Content
“Permit me to introduce the bookish Mr. Wessells. I do not characterize him so because he works in the rare book trade. Nor because one year after learning of the existence of Avram Davidson, he published the definitive annotated bibliography of that great writer's myriad and far-scattered works. Though that is impressive. No, I do so because the formal qualities of books hold a particular fascination for him. Above and beyond, I mean, that held by other, equally serious writers. Note the fabulations that throng this volume, the critical fictions, fragmentary journals, the fictive authors, the narrator who may be Henry himself. That isn't the sole point of the work, mind you. But, oh boy, is it there.
So what is he like?
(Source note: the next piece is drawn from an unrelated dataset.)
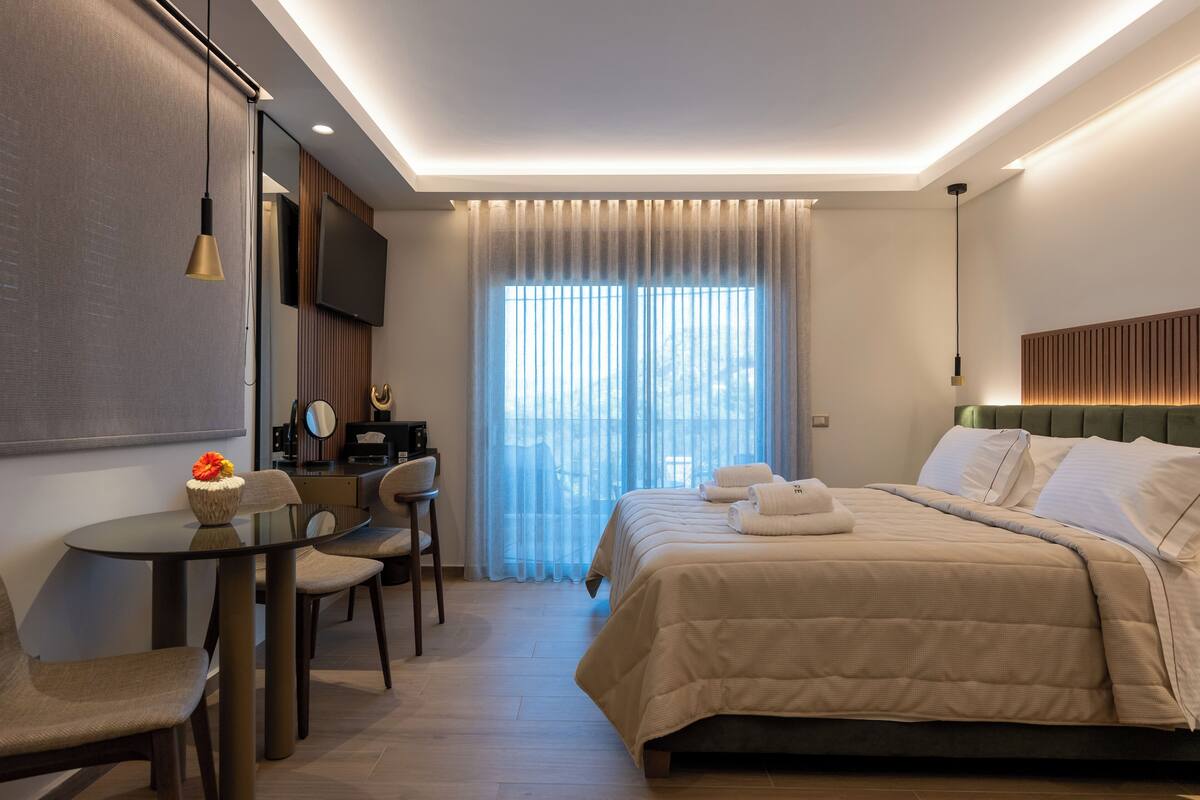 A modern hotel room with a bed, a desk, a chair, a TV, and a window with curtains.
Well, in occult circles, each Art has its exoteric and esoteric aspects, its outer and inner faces. So too with people. The exoteric Henry Wessells is earnest, friendly (I always picture him smiling), and open. The esoteric HW is ... well, as he presents himself here. Which is not to say that the outer self is unimportant. Chemistry, after all, began as the exoteric face of alchemy. But the secret self is the more rarely encountered and thus its appearance is to be celebrated.
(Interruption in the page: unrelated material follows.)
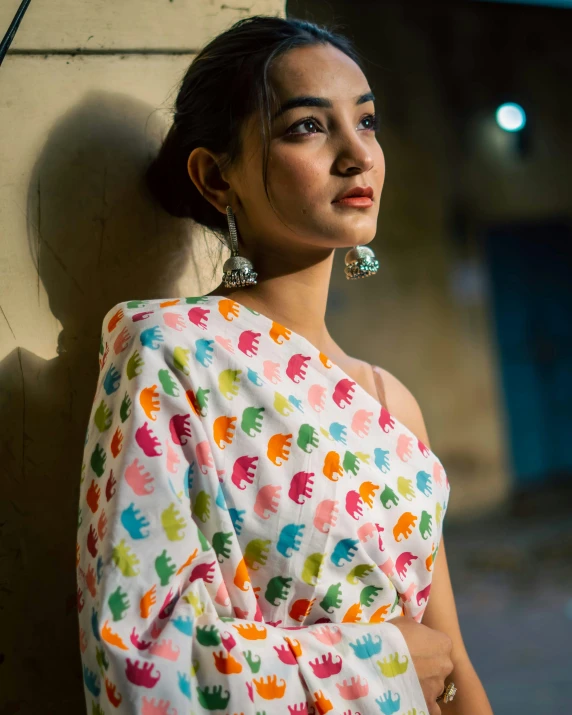 a woman wearing a colorful robe with earrings and pearls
A story, as John Gardner was fond of reminding us, aspires to the state of a waking dream. And Henry Wessells is, as he himself says of (perhaps) someone else in quite a different context, ‘a dealer in rare and antiquarian dreams.’ Which dreams have been preserved herein for connoisseurs of the strange and carefully wrought. Now they will be dropped like a bottle into the ocean of story. A hundred years hence, somebody very much like Henry will, in the course of his literary beach-combing, pick up this book and read these pages. And all the time in between will vanish into thin air. Because nothing is as real as a book. Nothing is as lasting as a dream.”